Information provided

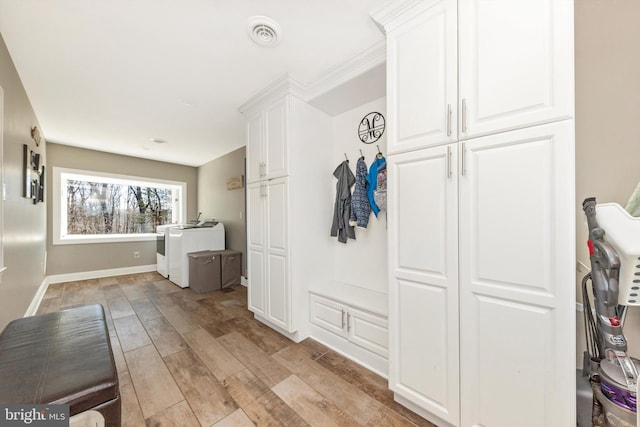 mudroom featuring washer and clothes dryer, visible vents, light wood-type flooring, and baseboards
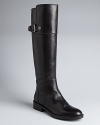 Enzo Angiolini offers high style in these elegant riding boots. Adjustable buckles create the perfect fit, with tights or jeans.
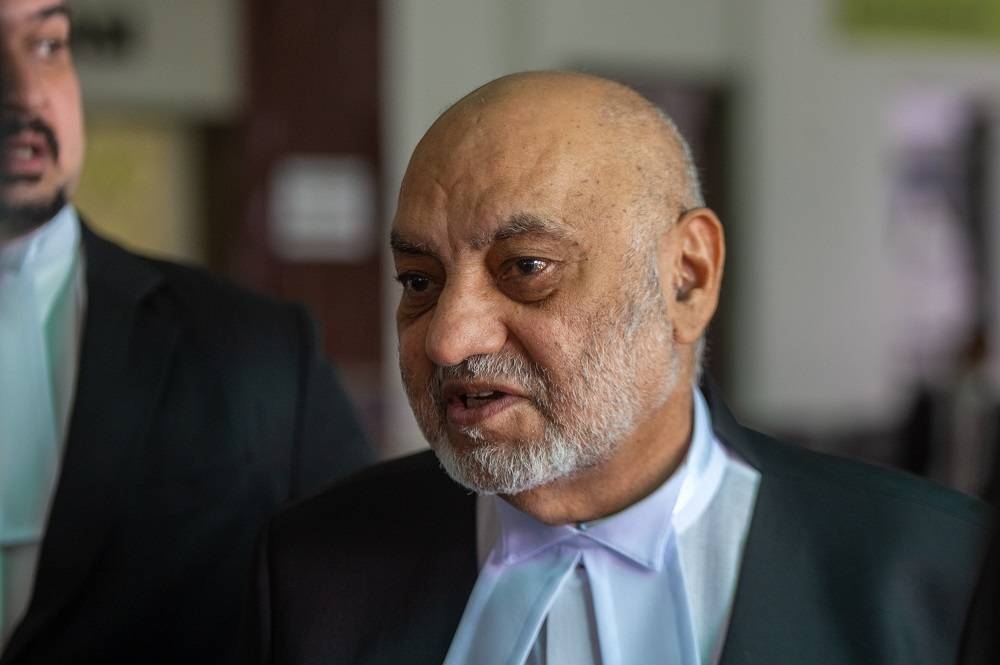 Lawyer Datuk Gurdial Singh Nijar speaks to reporters at the Shah Alam Court complex  April 11, 2022. — Picture by Shafwan Zaidon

Exercise prompt
Print only the lines from the one with "Enzo Angiolini offers" through the last line of the data above, exactly and with both ends, and please omit any pictures.

Exercise answer
 Enzo Angiolini offers high style in these elegant riding boots. Adjustable buckles create the perfect fit, with tights or jeans.
 Lawyer Datuk Gurdial Singh Nijar speaks to reporters at the Shah Alam Court complex  April 11, 2022. — Picture by Shafwan Zaidon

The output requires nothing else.